In the management of Euroset, Artemev and Chichvarkin shared their responsibilities as follows: Evgeny was responsible for commercial activities, marketing, and promotion, while Timur was responsible for financial and accounting management, as well as for introducing new technologies into operations. This division allowed partners to complement rather than interfere with each other, creating one of the strongest business duos in Russia in the 2000s.

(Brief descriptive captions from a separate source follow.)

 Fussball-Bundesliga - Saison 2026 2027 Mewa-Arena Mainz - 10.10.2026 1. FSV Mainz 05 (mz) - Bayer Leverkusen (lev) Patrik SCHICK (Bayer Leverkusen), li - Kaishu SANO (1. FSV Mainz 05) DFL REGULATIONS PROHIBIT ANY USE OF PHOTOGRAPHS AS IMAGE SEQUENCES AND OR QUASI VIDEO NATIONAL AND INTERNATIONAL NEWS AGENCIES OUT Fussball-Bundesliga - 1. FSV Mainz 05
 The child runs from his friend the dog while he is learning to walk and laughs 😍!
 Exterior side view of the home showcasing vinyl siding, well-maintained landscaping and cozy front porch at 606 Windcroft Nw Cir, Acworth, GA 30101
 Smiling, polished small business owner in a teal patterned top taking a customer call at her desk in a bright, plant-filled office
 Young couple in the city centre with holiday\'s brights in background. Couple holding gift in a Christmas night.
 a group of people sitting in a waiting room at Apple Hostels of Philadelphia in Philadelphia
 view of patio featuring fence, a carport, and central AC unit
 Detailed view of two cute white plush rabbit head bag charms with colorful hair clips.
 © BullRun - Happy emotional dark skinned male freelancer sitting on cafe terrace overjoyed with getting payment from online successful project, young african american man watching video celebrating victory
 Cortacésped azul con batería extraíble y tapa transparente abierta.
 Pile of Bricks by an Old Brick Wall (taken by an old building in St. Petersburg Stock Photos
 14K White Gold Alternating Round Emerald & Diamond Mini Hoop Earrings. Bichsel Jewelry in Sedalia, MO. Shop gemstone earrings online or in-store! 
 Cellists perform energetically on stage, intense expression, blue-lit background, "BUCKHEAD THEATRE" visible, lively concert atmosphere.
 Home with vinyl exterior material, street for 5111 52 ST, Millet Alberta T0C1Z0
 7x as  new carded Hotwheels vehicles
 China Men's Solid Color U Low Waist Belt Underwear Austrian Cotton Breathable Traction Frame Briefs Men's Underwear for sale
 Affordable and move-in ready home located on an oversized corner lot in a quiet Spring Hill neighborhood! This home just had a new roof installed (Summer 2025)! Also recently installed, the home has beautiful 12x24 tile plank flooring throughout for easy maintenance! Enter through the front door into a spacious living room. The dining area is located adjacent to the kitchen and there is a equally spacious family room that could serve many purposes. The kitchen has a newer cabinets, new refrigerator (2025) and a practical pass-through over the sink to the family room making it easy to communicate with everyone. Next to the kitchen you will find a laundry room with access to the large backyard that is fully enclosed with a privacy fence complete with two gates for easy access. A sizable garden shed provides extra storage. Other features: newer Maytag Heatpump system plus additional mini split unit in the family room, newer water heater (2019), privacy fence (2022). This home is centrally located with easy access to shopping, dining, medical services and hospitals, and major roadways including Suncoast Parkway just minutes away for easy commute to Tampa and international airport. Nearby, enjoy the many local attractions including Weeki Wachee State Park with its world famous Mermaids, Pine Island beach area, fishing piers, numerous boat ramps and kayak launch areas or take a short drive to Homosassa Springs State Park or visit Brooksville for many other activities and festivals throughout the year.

In 2006, the Euroset company reached the peak of the growth and development of its distribution network. Timur Artemev and Evgeny Chichvarkin concluded that they were ready to sell the company and engage in other projects. In 2008, Euroset's founders received an offer to purchase the company. On September 22, 2008, Artemev and Chichvarkin signed an agreement on the sale of 100% of Euroset to Russian businessman Alexander Mamut. The deal was closed in October. In December, Artemev, on the advice of his friend and partner Evgeny Chichvarkin, who had urgently moved to the UK, decided not to return to Moscow and went straight to London during a holiday in Prague.

== Personal life ==
Artemev was married several times and raises six children. Currently, he is in a partnership with Ksenia Shuravko, co-owner of the largest Belarusian resource Onliner.by. In 2019, the couple bore a son.

In the United Kingdom, Artemev first lived in London, then bought an old nineteenth-century mansion in Surrey, southwest of the British capital, where he moved and still lives in today.